Wednesday February 19,2014 : LAS VEGAS SANDS HACKERS MAY HAVE PENETRATED DATABASES DEEPER THAN FIRST THOUGHT
Hackers post proof of deep access on Youtube.
Fears are growing that the hacking attack on the Las Vegas Sands websites may have penetrated deeper than was at first thought by company spokesman Ron Reese.
Only hours after the websites were restored after almost a week of downtime, the hackers, using the nom-de-plume Anti-WMD Team posted an 11-minute video on Youtube indicating that they had achieved access to extensive corporate information.
The vid was posted from an account named “Zhao Anderson” and was subsequently anonymously flagged to a number of media outlets, presumably to ensure that it was given publicity.
Although the vid was quickly taken down by Youtube, it was not before a number of industry, media and security observers had viewed it, reporting that the hacking gang claimed to have made off with 828 gigs of information from the corporate records of the huge company, owned by multi-billionaire land gambling baron Sheldon Adelson.

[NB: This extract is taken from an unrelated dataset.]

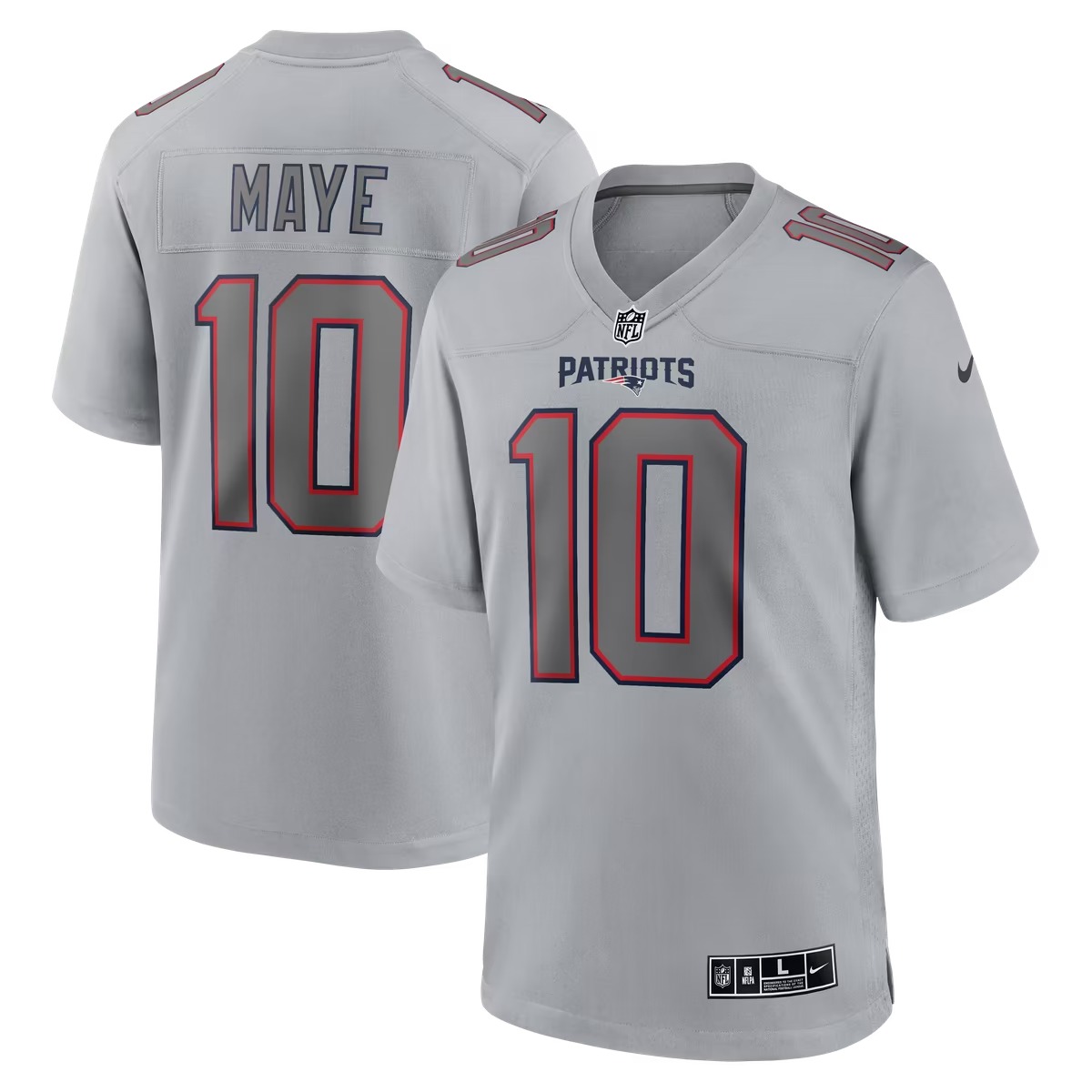 Hunk Wear - Drake Maye New England Patriots Nike Atmosphere Fashion Game Jersey - Gray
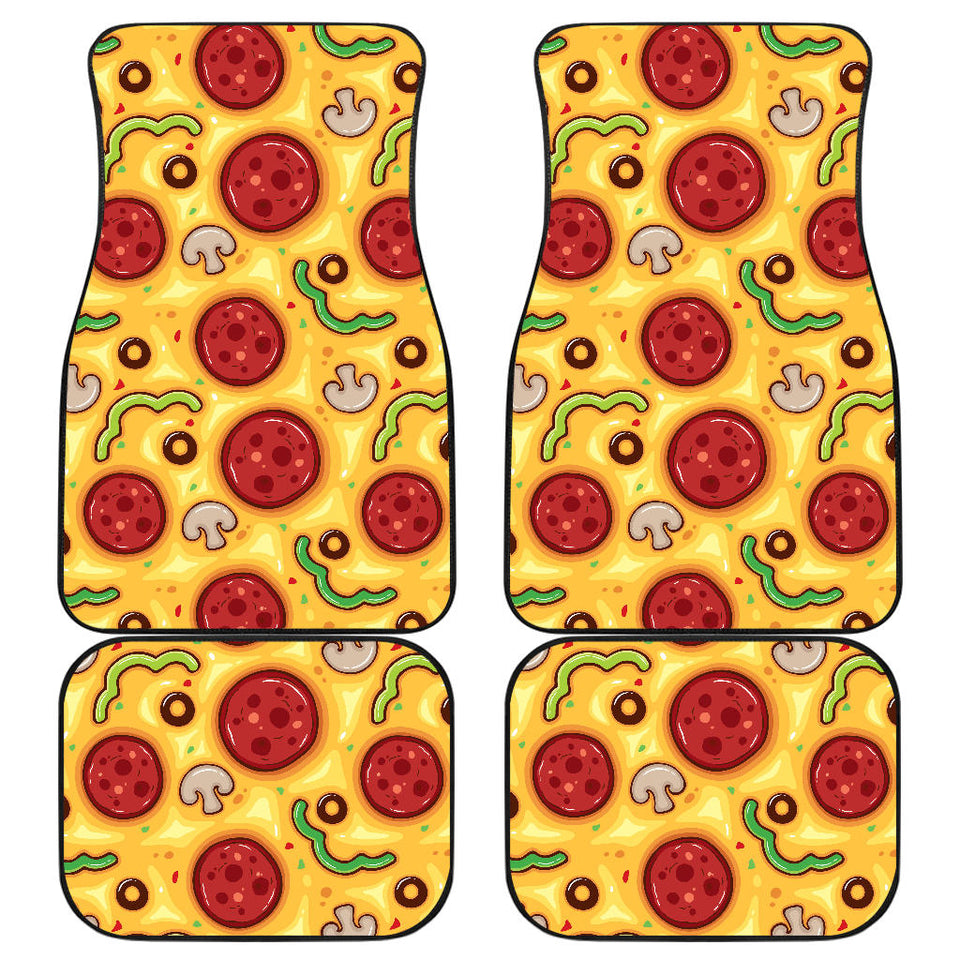 Pizza Texture Pattern Front And Back Car Mats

The publication Net Security reported that highly sensitive financial and personal information and technical passwords appeared to among the data displayed in the video, indicating that the criminal penetration went far deeper than Sands' claims that the assault was halted at the corporate mail server.
Sands spokesman Ron Reese was quick to respond to the vid, admitting that his company has since established that the hackers had "…reached at least some of the company’s internal drives in the US.”
He advised that company (and presumably FBI) investigators were reviewing the Youtube vid in an attempt to determine exactly how big the security breach had been and what, if any, data may have been stolen.
However, he sounded a note of optimism in saying the company does not believe that its "core operating systems" were invaded.
The hacking attack was allegedly mounted in retaliation for an Adelson speech in Israel in which he reportedly advocated a US nuclear strike in the Iranian desert to deter that country from further nuclear development.